The Story of the Twentieth Century "Primitive" Mentality Debate

by Bradley William Patterson

Pub Date: Jan. 11th, 2011
ISBN: 978-1453589397
Publisher: Xlibris

A history of social anthropology and its pursuit of “reason” through the 20th century.

Neuropsychologist Patterson takes on the daunting task of tracing science’s view of reason as it relates to anthropology, from the time of Darwin to the present day. In doing so, he unveils a number of internecine arguments within the scientific community, as well as the hand-wringing in Western culture that has led to a near abandonment of the study of reason altogether. Patterson’s tale begins with Victorian-era anthropologists in the field who studied “savage” or “primitive” peoples in a race against time—before their cultures would be dramatically changed by encroaching Western ways. Critically influenced by Darwin, Patterson explains that, “At heart, early professional anthropology was a scientific search for human origins and evolutionary history.” In studying indigenous peoples, these scientists took for granted that European-based cultures were superior and that Europeans were more mentally advanced than “primitive” peoples.
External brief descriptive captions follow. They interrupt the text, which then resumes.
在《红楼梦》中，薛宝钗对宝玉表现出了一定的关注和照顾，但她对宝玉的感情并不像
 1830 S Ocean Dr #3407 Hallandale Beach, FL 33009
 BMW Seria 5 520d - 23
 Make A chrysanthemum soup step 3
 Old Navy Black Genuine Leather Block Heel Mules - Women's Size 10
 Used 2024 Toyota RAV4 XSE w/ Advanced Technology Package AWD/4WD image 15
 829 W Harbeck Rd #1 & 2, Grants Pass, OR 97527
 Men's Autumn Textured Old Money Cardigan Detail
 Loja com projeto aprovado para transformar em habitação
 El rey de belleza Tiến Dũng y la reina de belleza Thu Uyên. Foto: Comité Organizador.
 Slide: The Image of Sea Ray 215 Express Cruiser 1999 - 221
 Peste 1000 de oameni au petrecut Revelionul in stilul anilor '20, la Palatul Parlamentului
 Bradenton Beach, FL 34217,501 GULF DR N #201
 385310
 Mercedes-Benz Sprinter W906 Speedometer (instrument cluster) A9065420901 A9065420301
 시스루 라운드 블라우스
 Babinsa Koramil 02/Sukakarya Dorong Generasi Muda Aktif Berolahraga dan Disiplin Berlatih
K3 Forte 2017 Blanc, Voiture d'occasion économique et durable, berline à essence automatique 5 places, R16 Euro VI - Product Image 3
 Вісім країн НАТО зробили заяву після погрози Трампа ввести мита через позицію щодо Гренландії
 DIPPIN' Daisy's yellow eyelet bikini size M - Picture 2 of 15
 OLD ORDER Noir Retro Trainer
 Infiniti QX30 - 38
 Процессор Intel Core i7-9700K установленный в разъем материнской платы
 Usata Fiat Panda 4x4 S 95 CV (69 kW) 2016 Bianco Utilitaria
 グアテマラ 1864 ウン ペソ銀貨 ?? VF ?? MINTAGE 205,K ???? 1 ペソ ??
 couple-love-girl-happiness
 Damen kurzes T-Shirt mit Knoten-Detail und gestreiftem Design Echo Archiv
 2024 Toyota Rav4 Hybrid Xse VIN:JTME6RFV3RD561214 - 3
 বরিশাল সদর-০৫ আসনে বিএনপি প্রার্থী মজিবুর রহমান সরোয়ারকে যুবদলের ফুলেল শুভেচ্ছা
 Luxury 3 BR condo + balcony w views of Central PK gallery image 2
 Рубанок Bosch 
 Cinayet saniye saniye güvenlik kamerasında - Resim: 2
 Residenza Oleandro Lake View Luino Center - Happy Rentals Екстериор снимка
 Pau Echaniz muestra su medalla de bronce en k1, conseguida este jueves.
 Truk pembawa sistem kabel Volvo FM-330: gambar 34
As the 20th century unfolded, however, various influential scholars and the schools of thought they initiated changed these assumptions. By 1950, some scholars were questioning whether social anthropology could even be considered one of the sciences. Sartre questioned the field’s reliance on reason as a measure of people’s abilities, and by the 1960s and 1970s, the Eurocentric character of traditional anthropology was under severe attack, leaving the whole field with a “crisis of representation” it is still battling to this day. Patterson provides a wealth of information in an approachable but sometimes melodramatic form (“The maw of eternity had simply opened and claimed him within a few blinks of an eye”). Though open to the general reader, Patterson’s work will best lend itself to students of anthropology or sociology, and it will be a worthwhile reference for the often intractable arguments affecting such fields and the sometimes larger-than-life personalities who have shaped them.

A sharp, wide-ranging historical study.